The examples are not really that impressive either. They are boolean logic. That a model like this can do copy-pasta + encode simple boolean logic and if-else is... well.. underwhelming. Stuff like that has been happening for a long time with these models, and no one has made claims that the models were "reasoning".
The react programming example isn't the only example of GPT-3 writing code. There was an example of it writing python programs going around before they opened up the API. It was impressive. There was no reason to think it had seen the exact examples before.
Also it isn't the case that one needs to be perfect at algorithmic thinking to be capable of some amount of reasoning. I don't claim that GPT-3 is perfect, but that its not just copy and pasting pieces of text it has seen before.
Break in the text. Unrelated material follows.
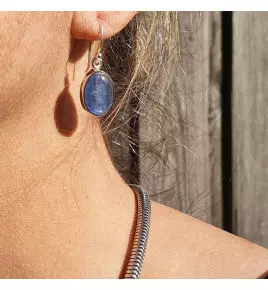 boucle d oreille cyanite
It is coming up with new sequences of text based on the structure of the surrounding text and the prompt, in a manner that indicates it has a representation (albeit imperfect) of the semantic properties of the text and can compose them in meaningful ways. Handwavy responses do nothing to undermine the apparent novelty it creates.
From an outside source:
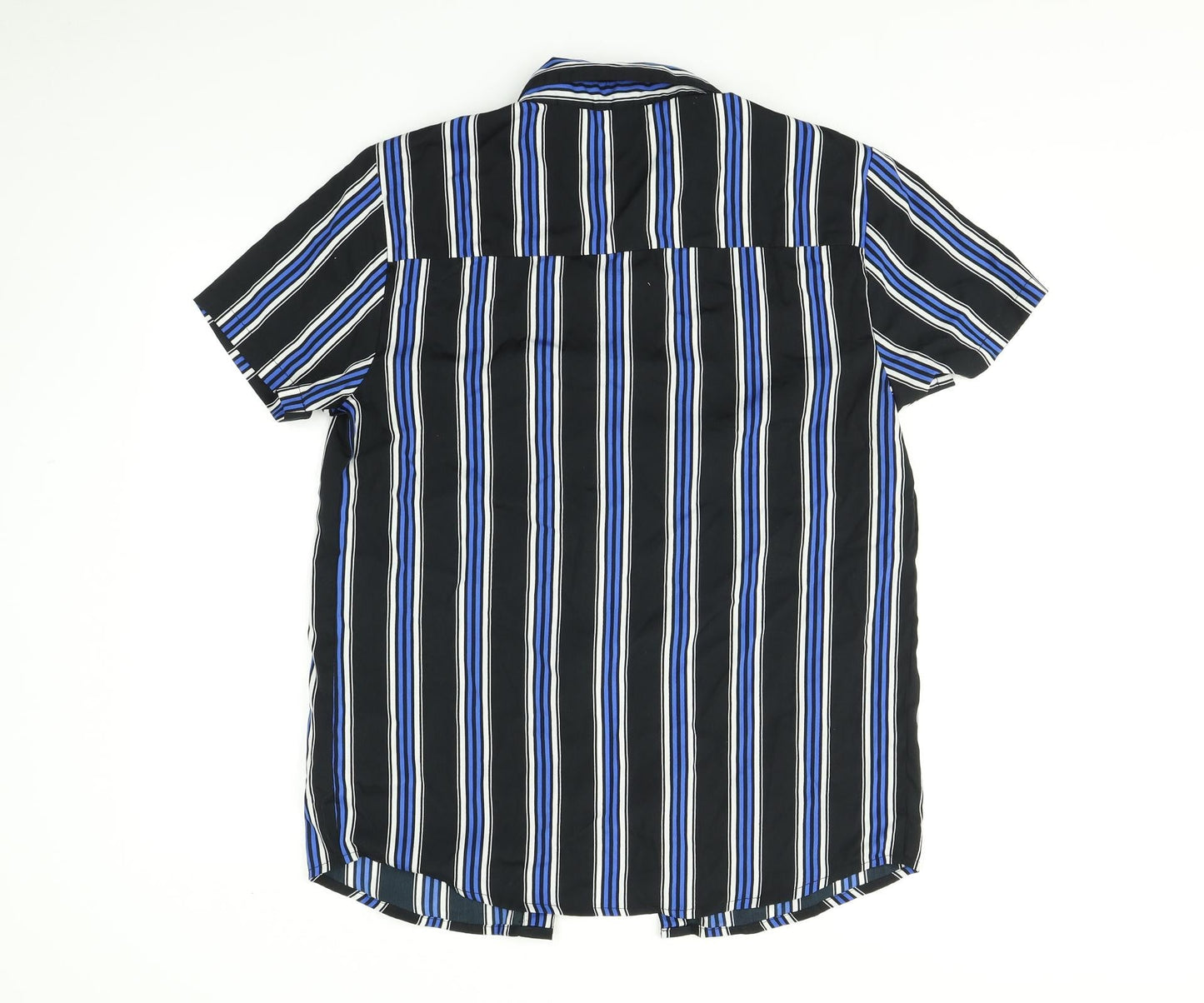 boohooMAN Mens Multicoloured Striped   Button-Up Size M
>encode simple boolean logic and if-else is... well.. underwhelming. Stuff like that has been happening for a long time with these models, and no one has made claims that the models were "reasoning".
Seems like you're just moving the goalposts as always happens when it comes to AI advances. What do you take to be "reasoning" if that isn't an example of it?
Logic is sensitive to the meaning of words to a degree and so if I can pick out the context to apply certain deductive rules, then I know what the relevant words mean, at least to the degree that they indicate logical structure.
It's possible that a program could learn when to apply certain rules based on its own if-then statements and bypass understanding, but that's not the architecture of GPT-3. If it learns the statistical/structural properties of a string of text such that it can apply the correct logical transformations based on context, the default assumption should be that it has some rudimentary understanding of the logical structure.
It doesn't at all. It indicates that it read stackoverflow at some point, and that on a particular user run, it replayed that encoded knowledge. (I'd also argue it shows the banality of most React tutorials, but that's perhaps a separate issue.)
Quite a lot of these impressive achievements boil down to: "Isn't it super cool that people are smart and put things on the internet that can be found later?!"
I don't want to trivialize this stuff because the people who made it are smarter than I will ever be and worked very hard. That said, I think it's valid for mere mortals like myself to question whether or not this OpenAI search engine is really an advancement. It also grates on me a bit when everybody who has a criticism of the field is treated like a know-nothing Luddite. The first AI winter was caused by disillusionment with industry claims vs reality of what could be accomplished. 2020 is looking very similar to me personally. We've thrown oodles of cash and billions of times more hardware at this than we did the first time around, and the most use we've gotten out of "AI" is really ML: classifiers. They're super useful little machines, but they're sensors when you get right down to it. AI reality should match its hype, or it should have less hype (e.g. not implying GPT-3 understands how to write general software).